Each of these is recoverable. None of them are fast.
What to Do: Build DNS Independence Into Your Critical Path
The solution is not to eliminate DNS. It is to ensure your most critical services have a DNS-independent fallback.
1. Use IP Addresses for Must-Reach Services
For a small set of truly foundational services (your API server, your internal CA, your configuration store), maintain hardcoded IP addresses alongside the DNS names. Document them. Put them in runbooks. Put them in the infrastructure-as-code that provisions your instances.
When DNS fails, an engineer with a runbook and a list of IPs can keep moving.
2. Cache Resolutions Locally
Sidecar proxies like Envoy and services running the Consul client maintain an in-process cache of resolved addresses. Even if the upstream DNS service disappears, the cache keeps the connections alive for some window of time. Size your cache TTLs to give your on-call enough time to respond.
This is not a permanent fix: it is a blast radius limiter. It buys you time.
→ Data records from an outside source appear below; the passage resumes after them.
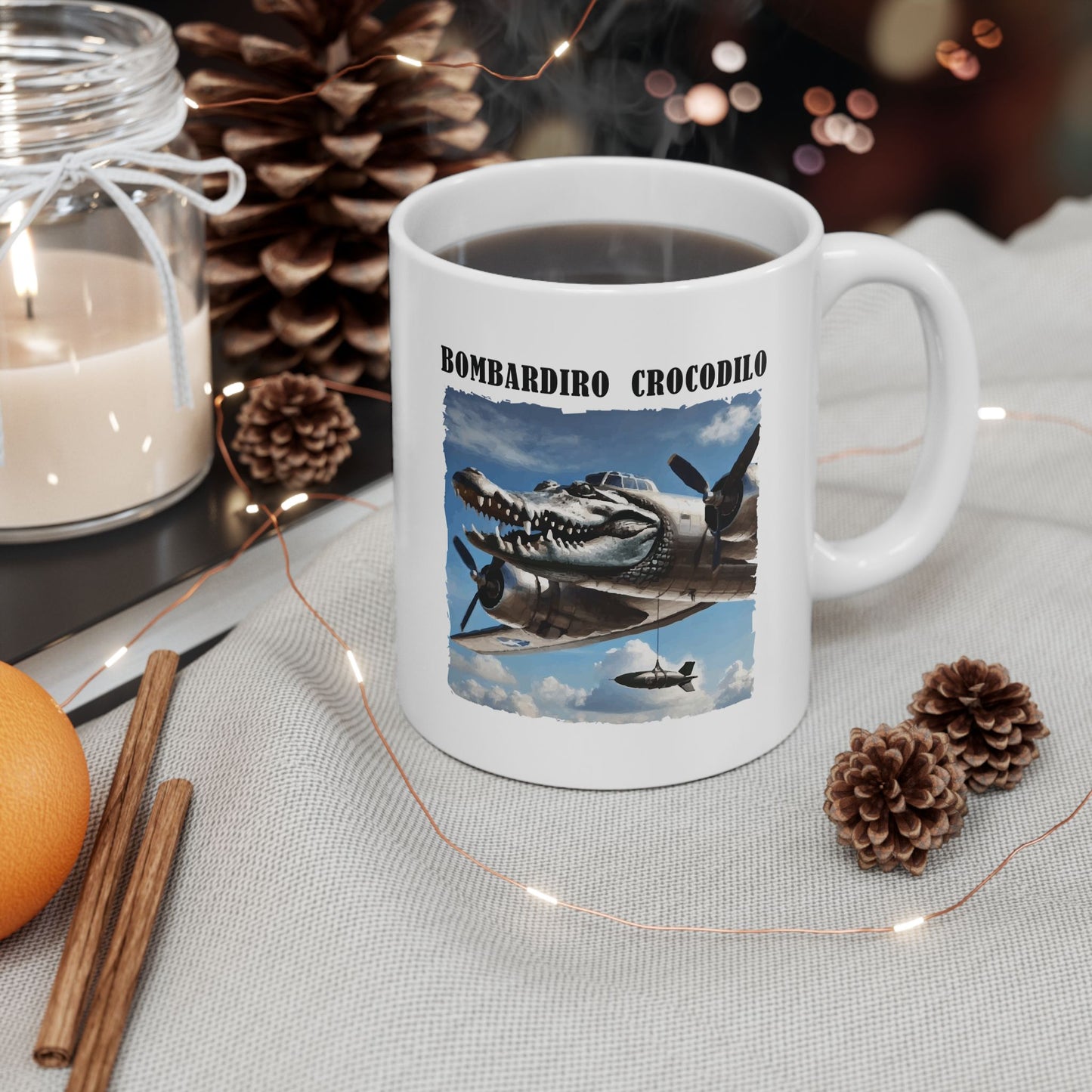 Funny "Bombardiro Crocodilo" Ceramic Mug - 11oz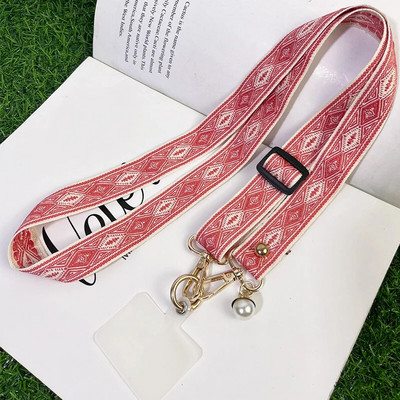 Κρεμαστό σχοινί κινητού τηλεφώνου Ethnic στυλ Διαμαντένιο μοτίβο μαργαριτάρι Κρεμαστό μακριά διαγώνια κρεμαστή θήκη τηλεφώνου από σχοινί Κορδόνια κατά της απώλειας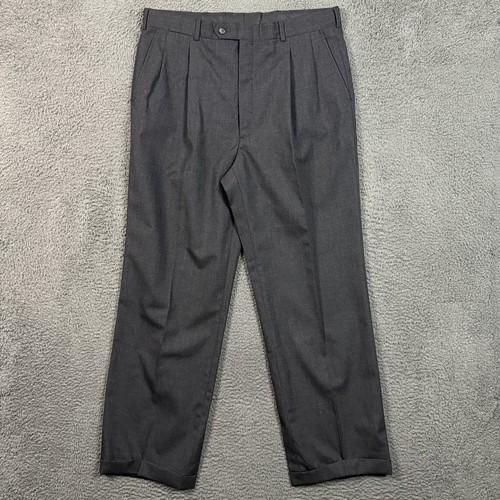 Pantalone Christian Dior uomo 34x31 grigio plissettato abito pantaloni misto lana classico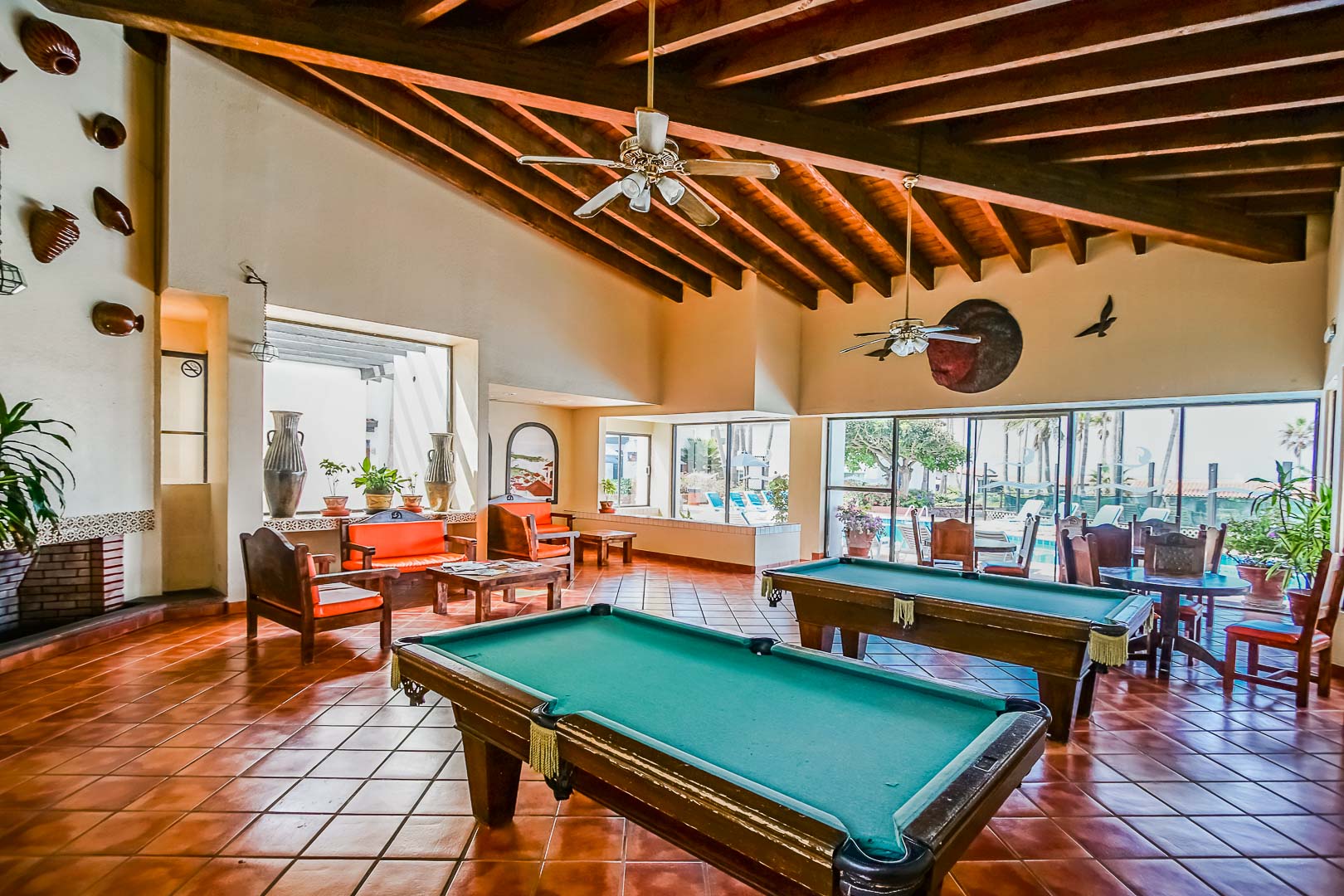 Pool tables available at VRI's La Paloma in Rosarito, Mexico.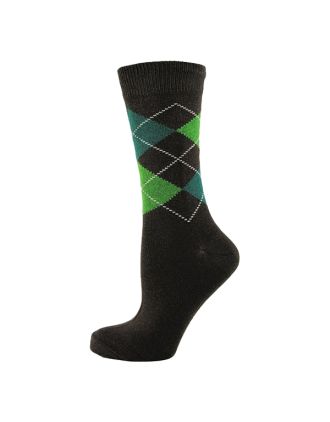 Men's  Green On Brown Argyle Ankle Socks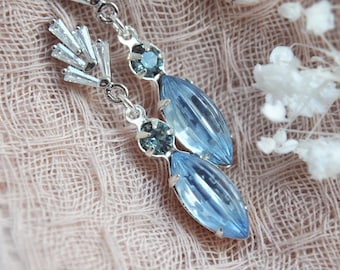 Art Deco Earrings Vintage, Blue Drop Earrings, Silver Earrings, Blue Wedding Earrings, Something Blue, Bridesmaids Earrings, Rustic Wedding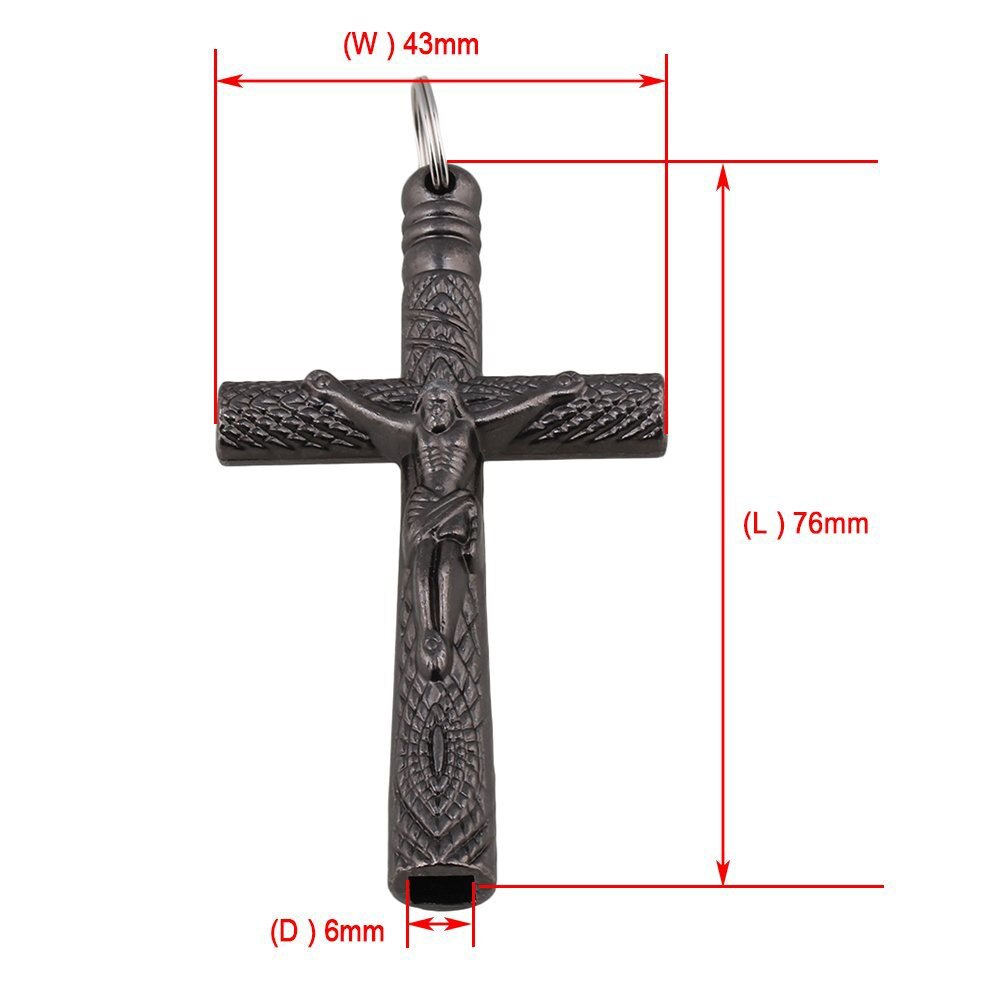 Jesus Cross 6mm Drum Key Wrench Necklace 60cm/23.6in Length Chain Loop Crucifix Accessories Screw Set Tool Kit Accesorios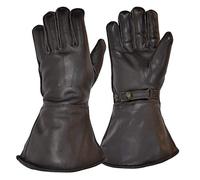 Goldtop Cuir Noir Britannique Laine filée doublé Motorcycle Despatch Rider Gantelets & Aviator Pilotes Gants (XL - 9,5 "à 10")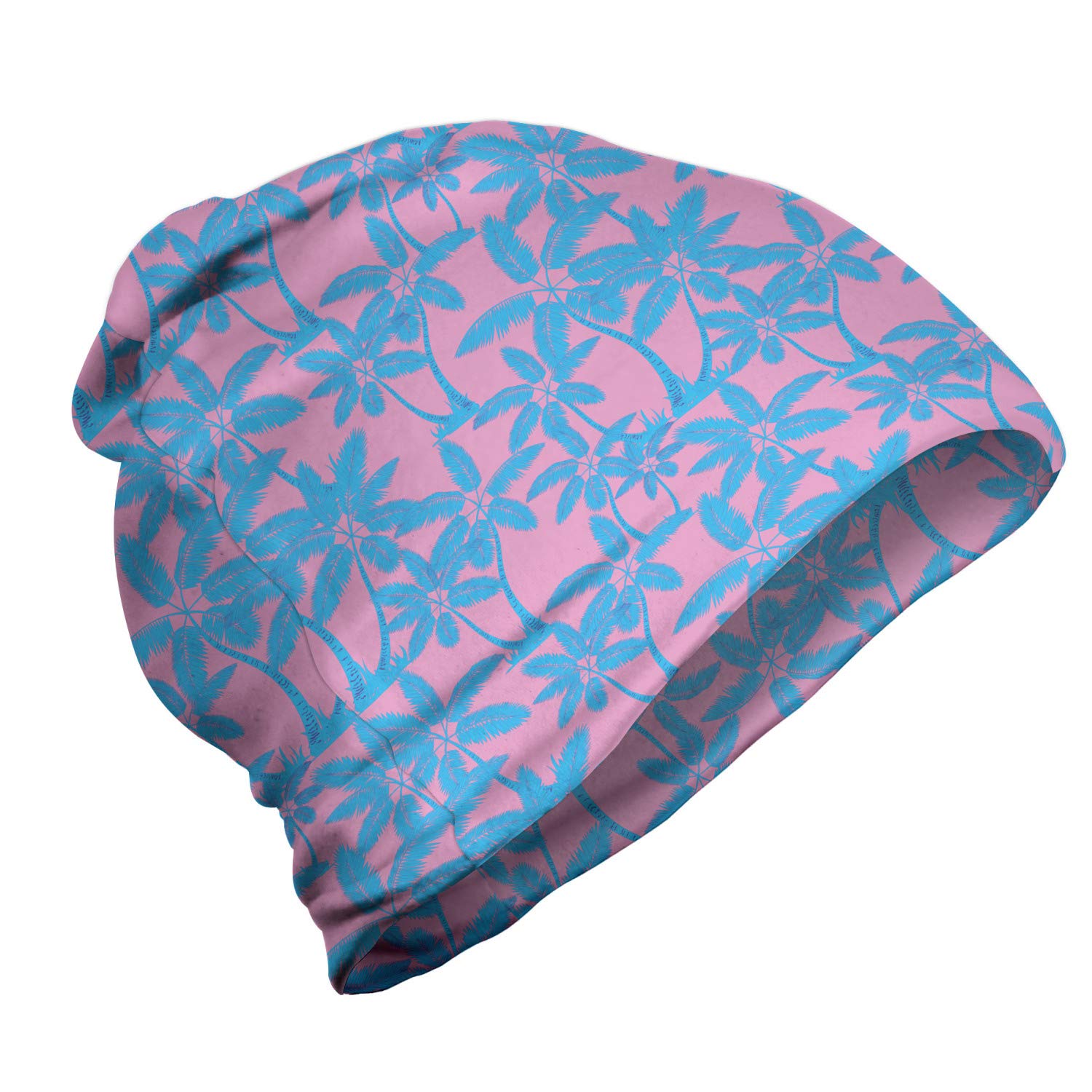 Ambesonne Unisex Beanie - Hawaiian Retro Palm Trees Design for Men & Women - Warm Winter Knit Hat for Hiking, Camping, Outdoor Activities & Casual Wear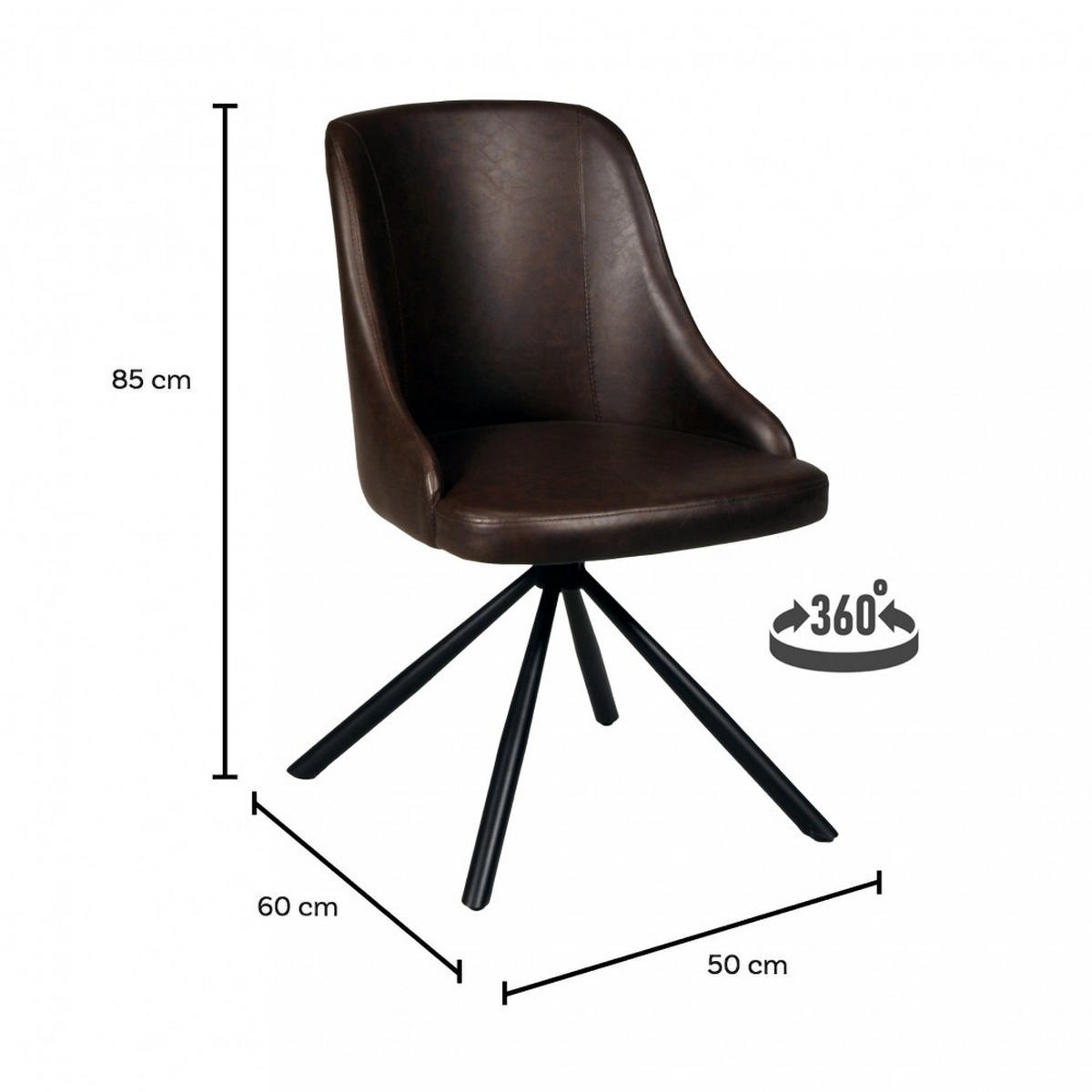 STÜHLE 4-Set Drehstühlen HORIZON/ Braun - Schwarz/Braun, Metall (50/85/60cm) - Weber Industries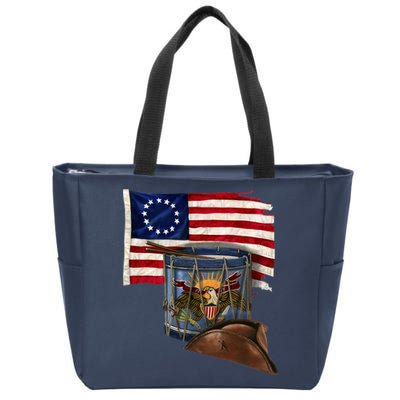 Vintage USA Flag Patriotic Drum Zip Tote Bag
3. Separate DNS Infrastructure by Criticality
Run your control plane services on a separate DNS zone backed by a separate resolver cluster. If application-tier DNS falls over, control plane resolution stays up. If you are on Kubernetes, this means CoreDNS for application service discovery and a separate, static resolver for the API server itself.
4. Test DNS Failure Explicitly
DNS failure is easy to simulate and almost never included in chaos testing. Block UDP/TCP port 53 at the host firewall and watch what happens. Which services die immediately? Which ones keep running on cached addresses? Which ones cannot restart?
The services that cannot restart after a DNS failure are your risk inventory. Work backwards from that list.
Recovery Without DNS
When you are in the middle of a DNS outage, you need two things: a way to reach things, and a way to fix things without the thing that is broken.
Keep a local /etc/hosts file pattern ready for your critical internal names. It is ugly and manual, but echo "10.0.1.5 api.internal" >> /etc/hosts has ended more outages than any sophisticated tooling. Better: automate the maintenance of static host entries for your tier-zero services as part of your AMI or instance bootstrap, present at startup, independent of DNS, updated by your configuration management system using IP addresses.
DNS is infrastructure. Like any infrastructure, it fails. The engineers who recover fastest are not the ones who prevented every DNS failure — they are the ones who made sure DNS failure did not prevent them from doing anything else.
It is always DNS. Make sure when it is, you still have options.